- _Required work_
Please copy the entries below word for word, leaving out any image.

- _Data records_

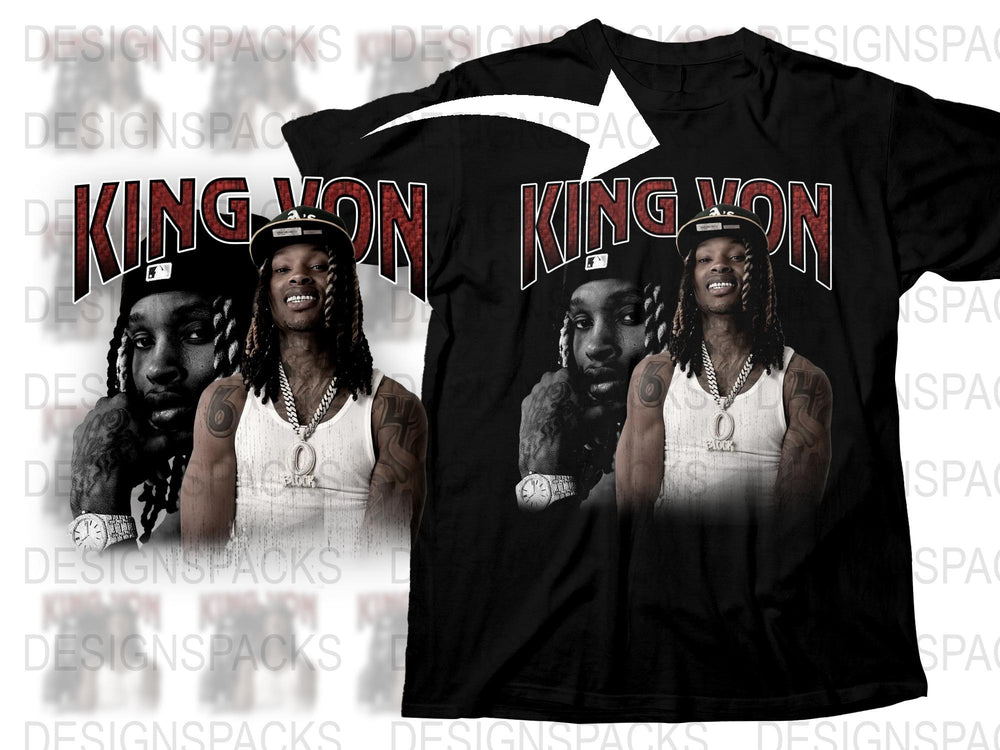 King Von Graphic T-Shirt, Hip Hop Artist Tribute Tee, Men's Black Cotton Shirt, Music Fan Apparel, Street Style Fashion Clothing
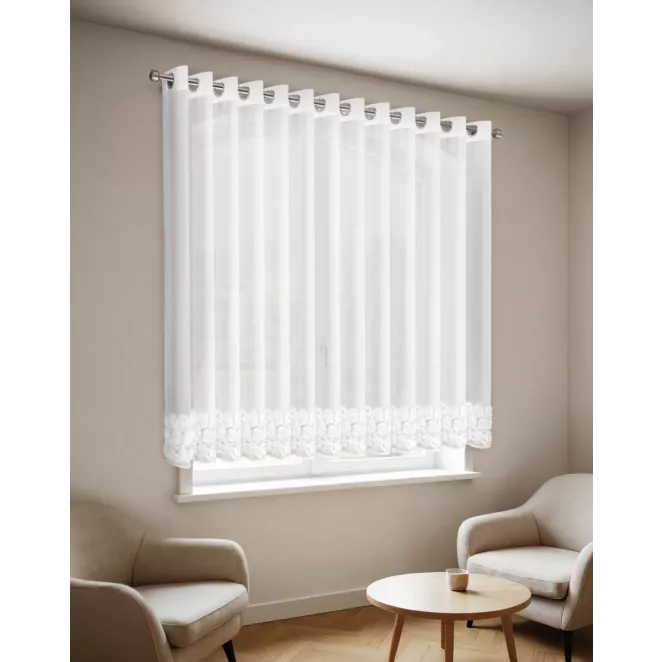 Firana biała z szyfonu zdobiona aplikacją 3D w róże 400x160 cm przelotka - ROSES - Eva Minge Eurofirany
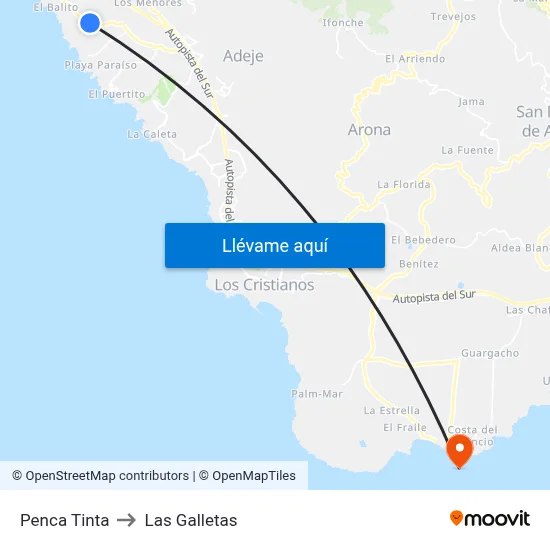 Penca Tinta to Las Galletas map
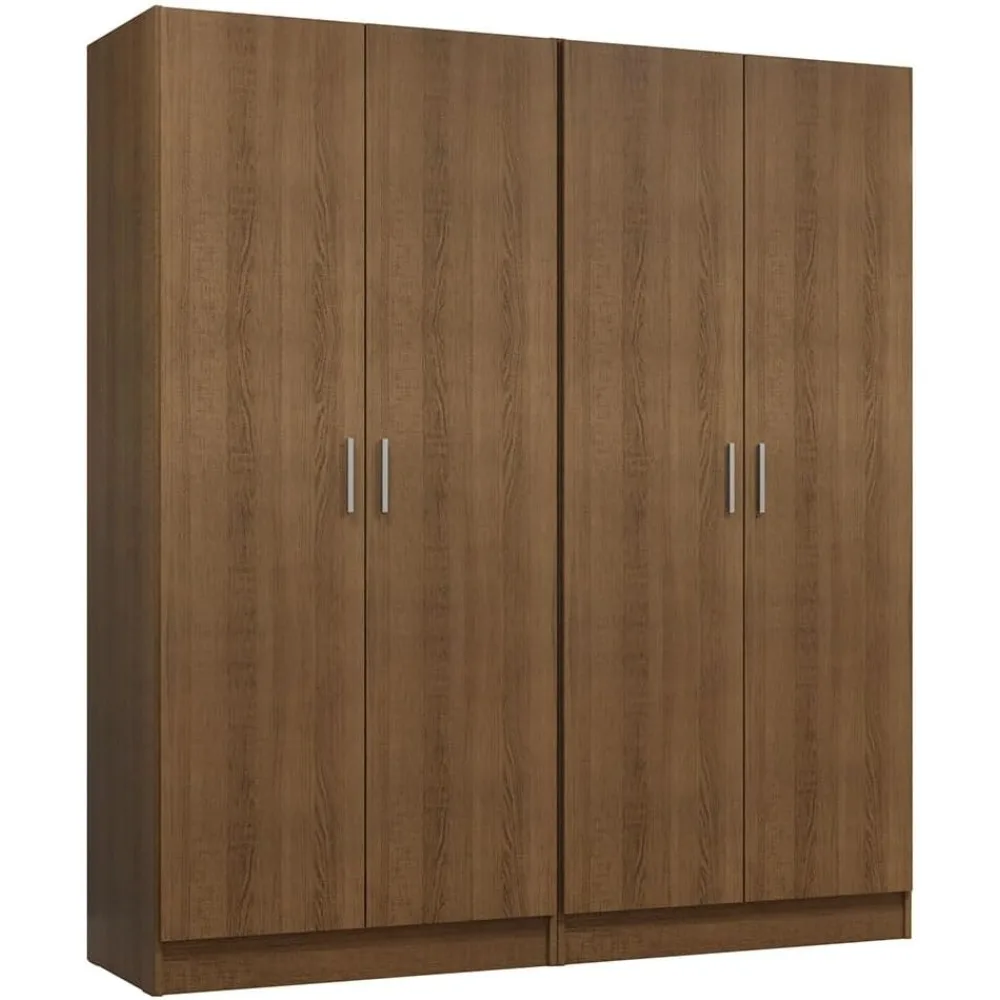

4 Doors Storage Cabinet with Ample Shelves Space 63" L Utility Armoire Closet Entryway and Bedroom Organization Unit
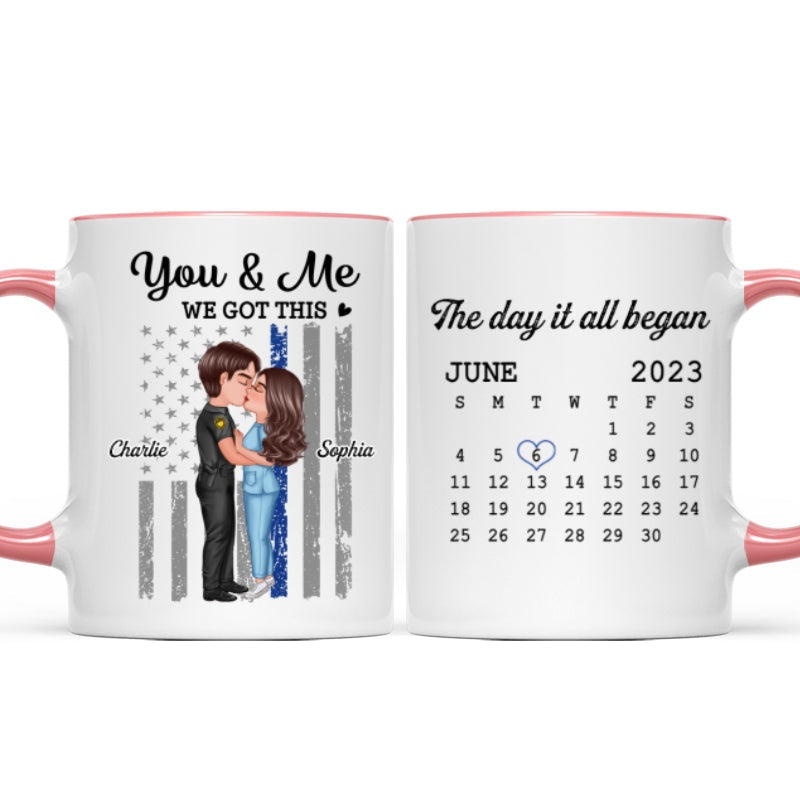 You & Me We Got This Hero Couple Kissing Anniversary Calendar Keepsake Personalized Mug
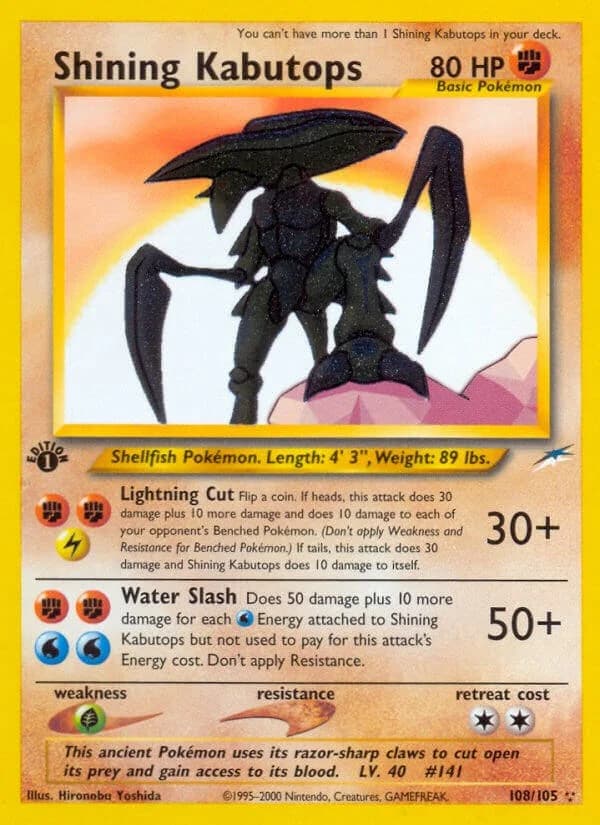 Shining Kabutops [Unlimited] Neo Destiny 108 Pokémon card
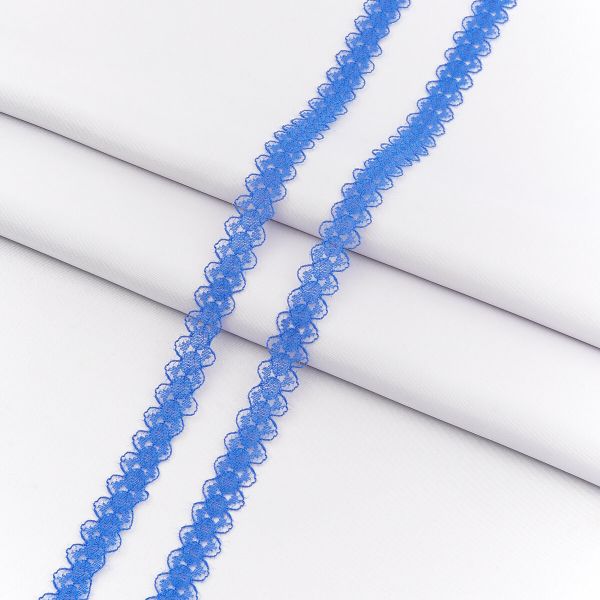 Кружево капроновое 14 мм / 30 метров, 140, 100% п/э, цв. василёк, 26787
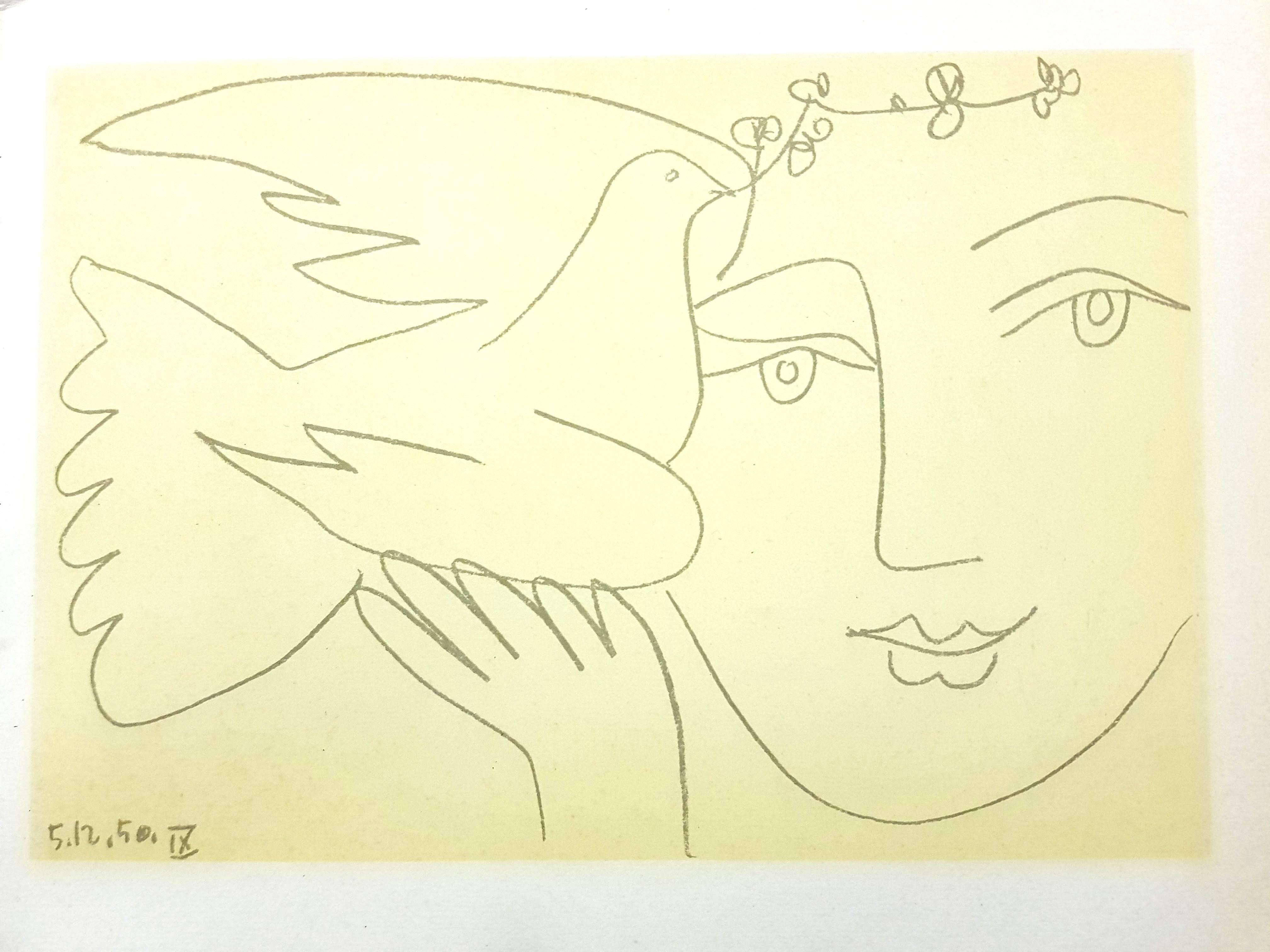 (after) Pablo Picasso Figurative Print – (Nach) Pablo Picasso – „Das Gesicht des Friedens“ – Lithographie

- _Task solution_
 King Von Graphic T-Shirt, Hip Hop Artist Tribute Tee, Men's Black Cotton Shirt, Music Fan Apparel, Street Style Fashion Clothing
 Firana biała z szyfonu zdobiona aplikacją 3D w róże 400x160 cm przelotka - ROSES - Eva Minge Eurofirany
 Penca Tinta to Las Galletas map

4 Doors Storage Cabinet with Ample Shelves Space 63" L Utility Armoire Closet Entryway and Bedroom Organization Unit
 You & Me We Got This Hero Couple Kissing Anniversary Calendar Keepsake Personalized Mug
 Shining Kabutops [Unlimited] Neo Destiny 108 Pokémon card
 Кружево капроновое 14 мм / 30 метров, 140, 100% п/э, цв. василёк, 26787
 (after) Pablo Picasso Figurative Print – (Nach) Pablo Picasso – „Das Gesicht des Friedens“ – Lithographie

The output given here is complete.